Moje dzieci oswoiły swoje łóżeczko, czują się tam doskonale, bezpiecznie i mają spokojne noce i wieczory. Same sygnalizują i pokazują łóżeczko gdy są zmęczone itd. Pójście spać nie jest dla nich traumą, a przyjemnością.

Nie da się zawsze uniknąć łez dziecka, bo często trzeba robić coś, co jest słuszne i dobre dla niego, a wcale mu sie nie podoba (leki, zastrzyki, przedszkole, szkoła).
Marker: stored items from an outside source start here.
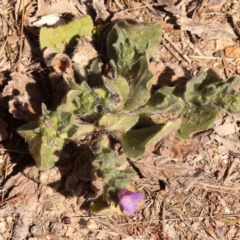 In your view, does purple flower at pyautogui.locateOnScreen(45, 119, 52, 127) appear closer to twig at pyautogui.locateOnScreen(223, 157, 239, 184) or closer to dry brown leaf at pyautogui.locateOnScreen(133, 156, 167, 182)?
dry brown leaf at pyautogui.locateOnScreen(133, 156, 167, 182)

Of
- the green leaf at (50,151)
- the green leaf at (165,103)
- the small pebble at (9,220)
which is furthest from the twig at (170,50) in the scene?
the small pebble at (9,220)

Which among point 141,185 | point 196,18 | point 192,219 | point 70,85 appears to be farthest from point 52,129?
point 196,18

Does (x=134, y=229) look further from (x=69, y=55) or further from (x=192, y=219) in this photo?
(x=69, y=55)

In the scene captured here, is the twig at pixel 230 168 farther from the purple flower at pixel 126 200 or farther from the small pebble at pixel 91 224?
the purple flower at pixel 126 200

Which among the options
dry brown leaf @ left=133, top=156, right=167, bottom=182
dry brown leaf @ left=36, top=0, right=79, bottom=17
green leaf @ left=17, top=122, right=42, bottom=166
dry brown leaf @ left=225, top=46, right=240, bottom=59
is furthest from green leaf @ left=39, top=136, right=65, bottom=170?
dry brown leaf @ left=225, top=46, right=240, bottom=59

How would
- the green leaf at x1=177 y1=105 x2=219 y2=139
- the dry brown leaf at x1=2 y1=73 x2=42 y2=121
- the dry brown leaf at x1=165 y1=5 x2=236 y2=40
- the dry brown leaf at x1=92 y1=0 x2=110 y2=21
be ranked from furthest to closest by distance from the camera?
the dry brown leaf at x1=165 y1=5 x2=236 y2=40 → the dry brown leaf at x1=92 y1=0 x2=110 y2=21 → the dry brown leaf at x1=2 y1=73 x2=42 y2=121 → the green leaf at x1=177 y1=105 x2=219 y2=139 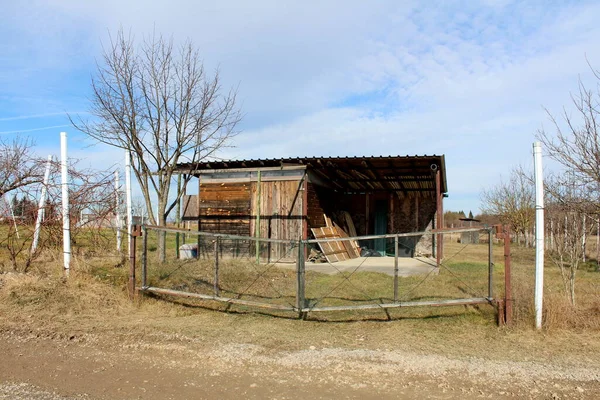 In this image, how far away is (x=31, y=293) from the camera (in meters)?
7.32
Do szkoły też dziecka nie poślesz, bo będzie płakało z tęsknoty za Tobą? (ja ponoć ryczałam w zerówce jak wół i spodni taty nie chciałam puścić)!

Ja uważam poprostu, że moje dzieci są teraz o wiele szczęśliwsze i spokojniejsze i polecam podjęcie trudu nauki spania!
Tatuś
Domownik
 
Posty: 302
Dołączył(a): 30 grudnia 2007, o 23:36

Postprzez kukułka » 9 lutego 2009, o 14:40

Tatuś napisał(a):
Kukułko,
Twoje dziecko przez całe życie będzie się zmagało z negatywnymi emocjami i musi się nauczyć z nimi radzić, oswoić je.
Zapewniam Cię, że dużo więcej się nacierpi i łez wyleje, jak co noc nagle zauważa, że jest sam w łóżeczku i z przerażeniem musi wołać mamę na pocieszenie.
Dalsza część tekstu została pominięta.